### EXERCISE
Print only the lines below from the one with "Bagageplade Bagagerum Dekorativ" to the one with "modern style Vector", both included, exactly as they stand. Leave pictures out.

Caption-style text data
■ ■ ■

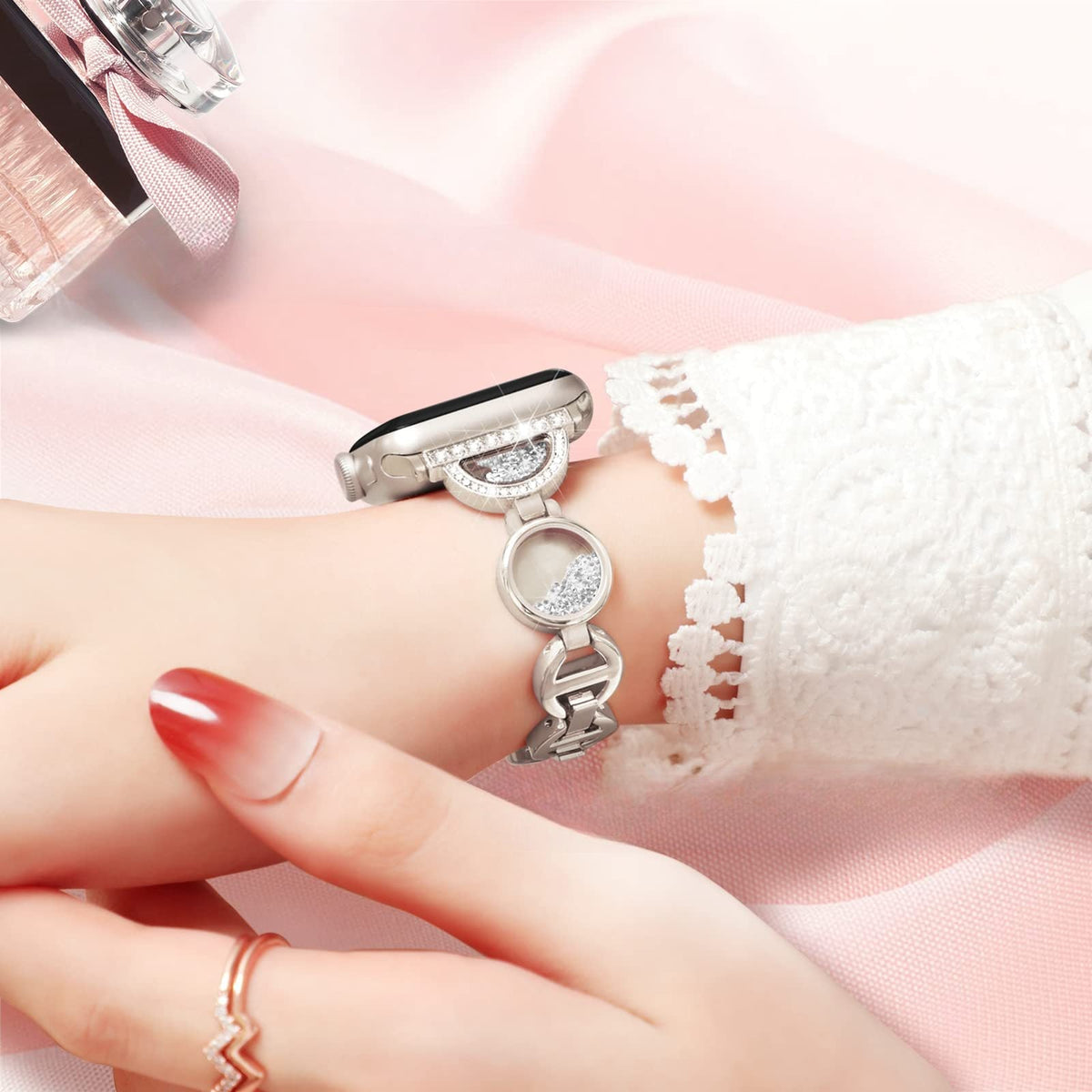 Correa Apple Watch, eslabones circulares con purpurina y circonitas, para mujer, modelo Pilar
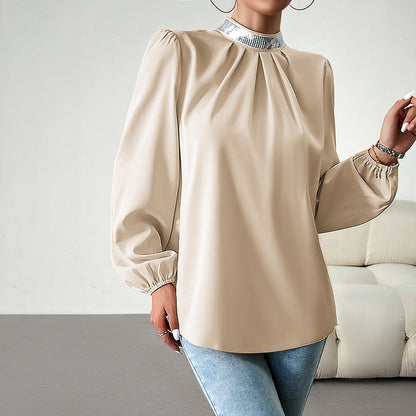 Elegant Women's Blouse Autumn Fashion Solid Puff Long Sleeve Tops Casual Youth Sequin Turtleneck Shirts New Collection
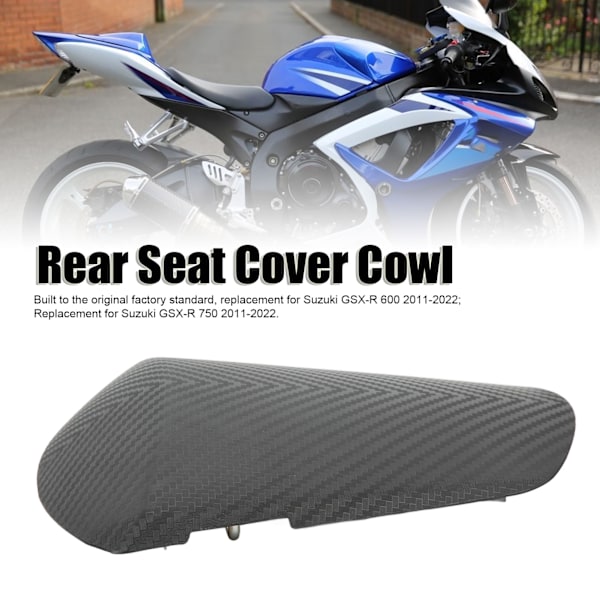 Bagageplade Bagagerum Dekorativ Motorcykel Hale Fairing Cowl Udskiftning til Suzuki GSX‑R 600 750 2011‑2022 Kulfiber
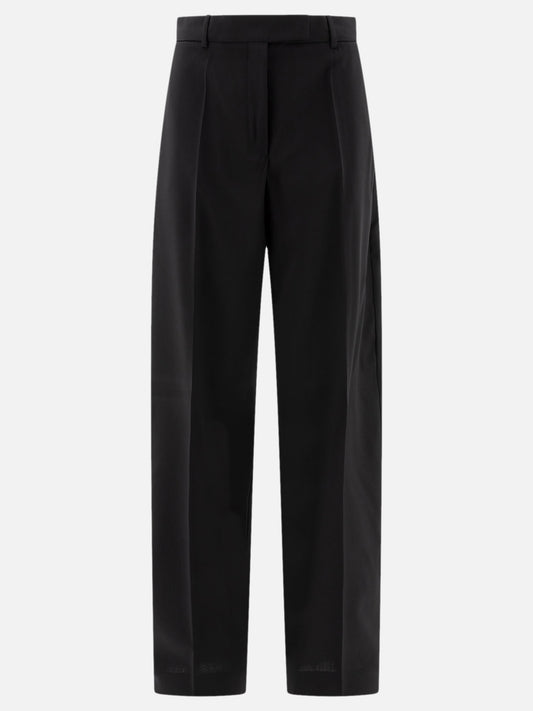 Pantaloni oversize in lana stretch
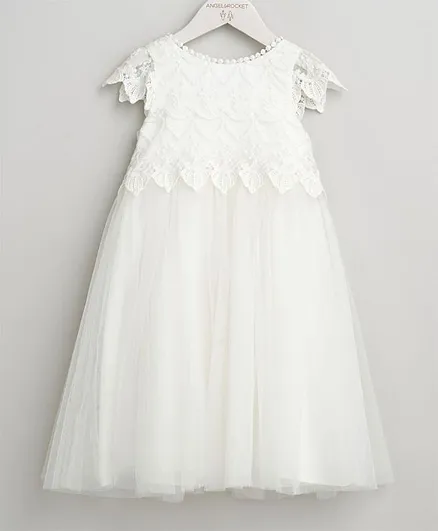 Angel & Rocket Short Sleeves Floral Embroidered A Line Dress - White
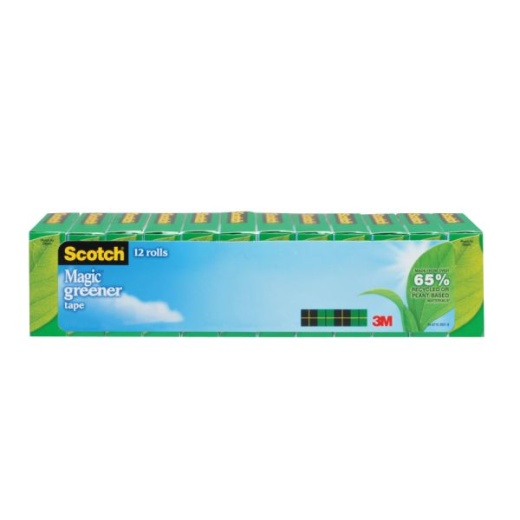 Scotch Greener Magic Tape, Invisible, 3/4 In X 900 In, 12 Tape Rolls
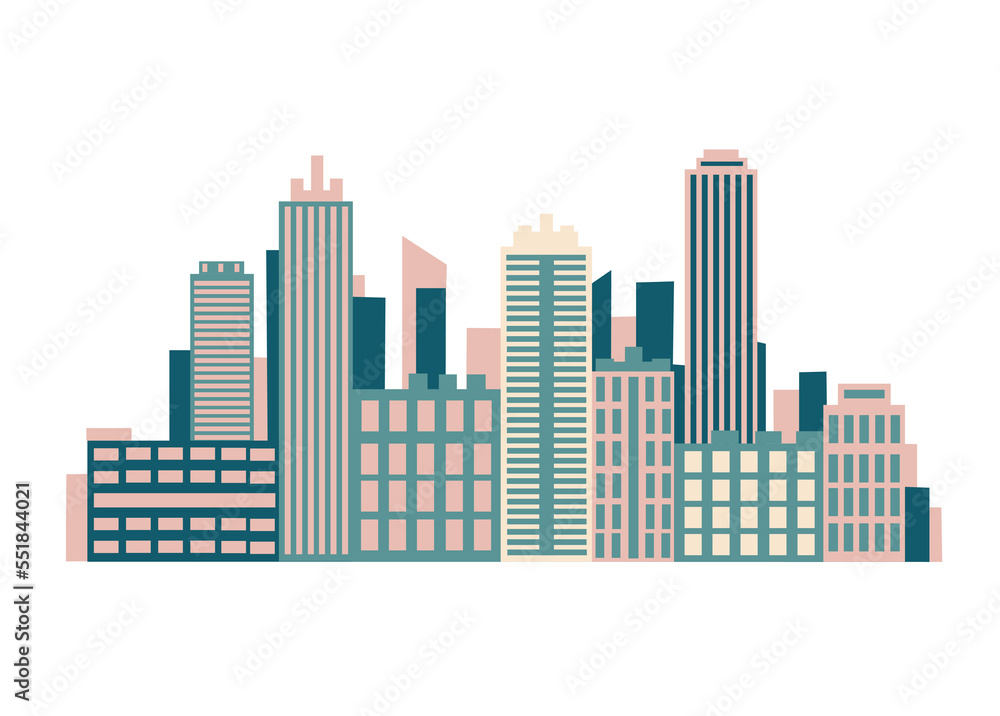Vector horizontal illustration of abstract daytime city landscape with skyscrapers, mountains and sun in simple modern style Vector horizontal illustration of abstract daytime city landscape with skyscrapers, mountains and sun in simple modern style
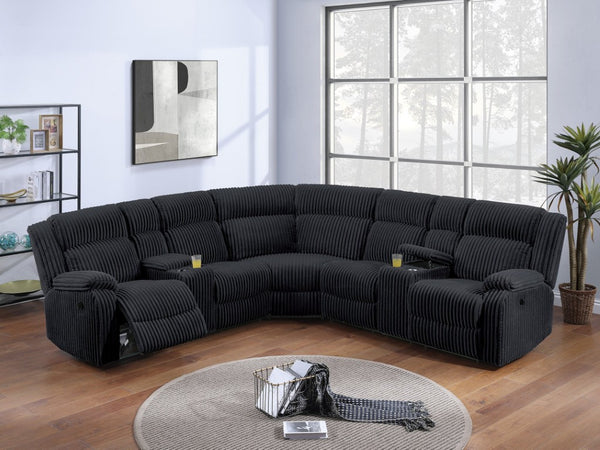 English Elm Black Corduroy Power Reclining Sectional with Console Cup Holders for Living Room Black B011S04429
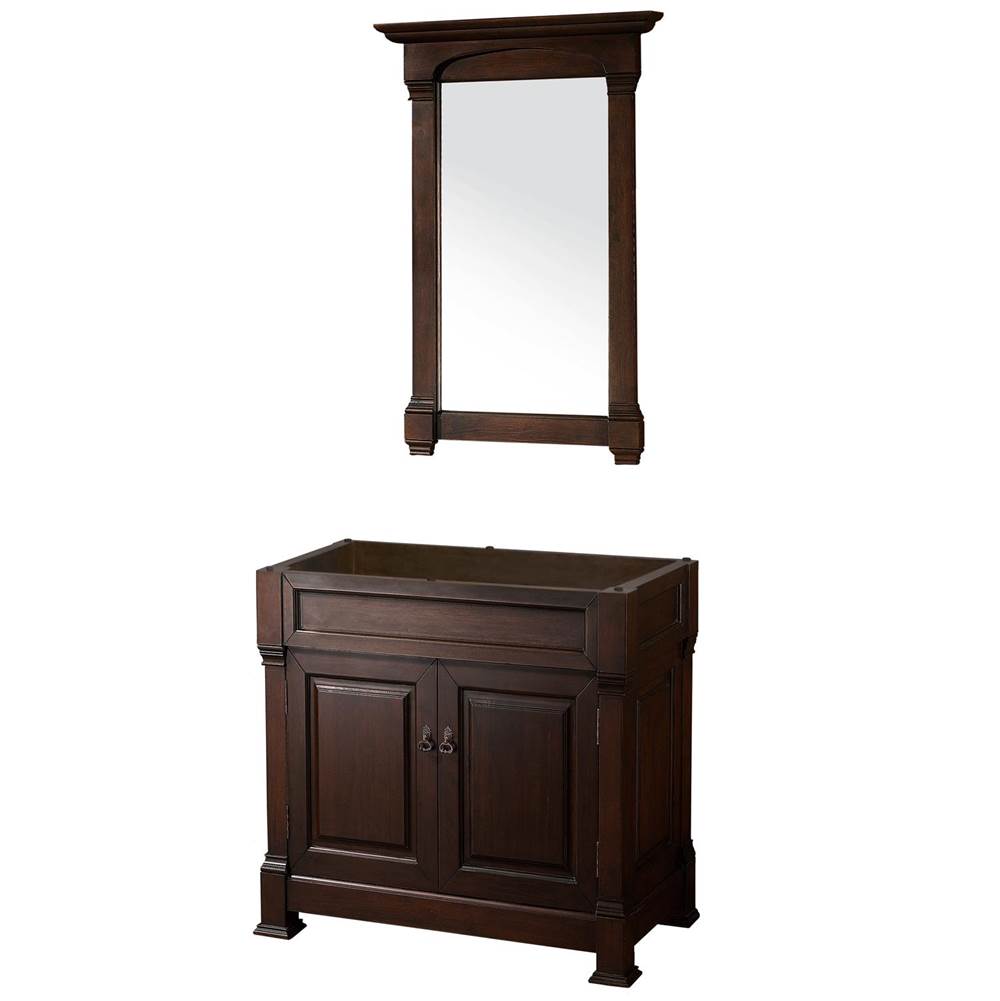 Wyndham Collection - Andover 36 Inch Single Bathroom Vanity in Dark Cherry, No Countertop, No Sink, and 28 Inch Mirror - Dark Cherry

■ ■ ■

### ANSWER TO THIS PROBLEM
 Bagageplade Bagagerum Dekorativ Motorcykel Hale Fairing Cowl Udskiftning til Suzuki GSX‑R 600 750 2011‑2022 Kulfiber
 Pantaloni oversize in lana stretch
 Angel & Rocket Short Sleeves Floral Embroidered A Line Dress - White
 Scotch Greener Magic Tape, Invisible, 3/4 In X 900 In, 12 Tape Rolls
Vector horizontal illustration of abstract daytime city landscape with skyscrapers, mountains and sun in simple modern style Vector horizontal illustration of abstract daytime city landscape with skyscrapers, mountains and sun in simple modern style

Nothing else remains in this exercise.